Friday, June 27, 2014

Because they can't support their existing ones?

Or, (B) they are spending all their available cash on litigation, (C) they are too busy closing churches?  ed.

The Rev. Susan Brown Snook of the Diocese of Arizona is writing a book about church planting. Today on her Facebook page she wrote:
As part of my research, I have discovered the following utterly shocking statistic. In 2012 (the most recent year for which we have parochial report data available), in the entire Episcopal Church, THREE new congregations were added. That number again is 3.
This led, as you might imagine to quite a bit of conversation about why the Episcopal Church has devoted so few resources to church planting.

I wrote: "I am only mildly surprised. I don't think we can plant more [churches] until we close more [churches] freeing up assets and energy. But closing and merging parishes requires a bishop to spend a lot of political capital, so I can understand why many avoid doing so."

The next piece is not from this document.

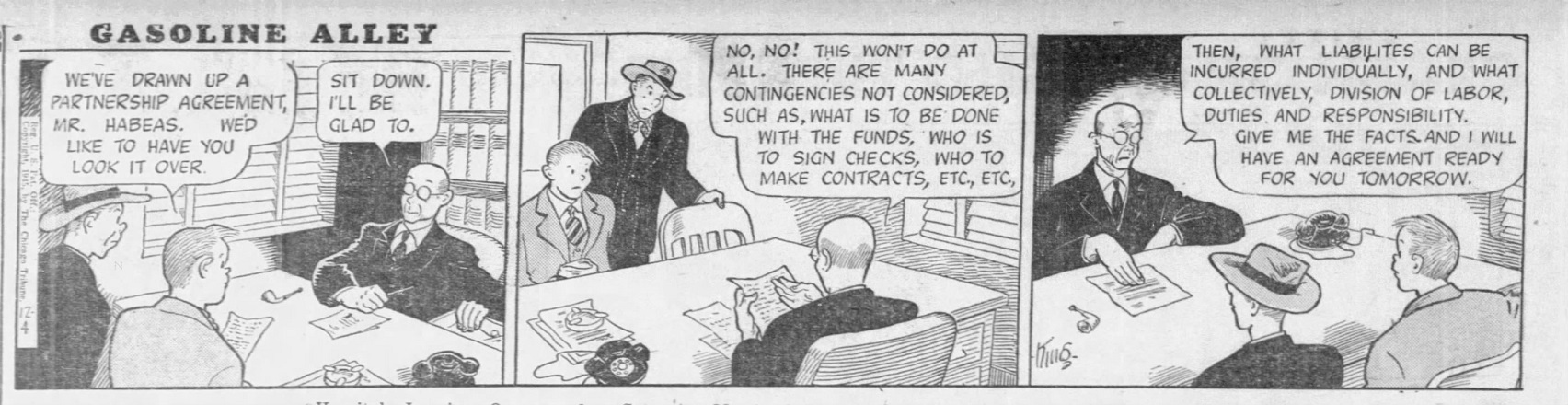 Daily_News_1945_12_04_524.jpg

But I am also wondering whether the church--perhaps rightly, in some instances--is hesitant to plant more congregations because most traditional congregations are in decline. I am not arguing that decline is inevitable everywhere, or that church planting isn't important, but I think we do have to reflect, as a church, on what kind of communities we are attempting to foster, and what sorts of models are most viable.
if you were attempting to start an Episcopal community in your area, would you assume a traditional congregation could be successful (Susan's certainly is.) or would you go in a different direction?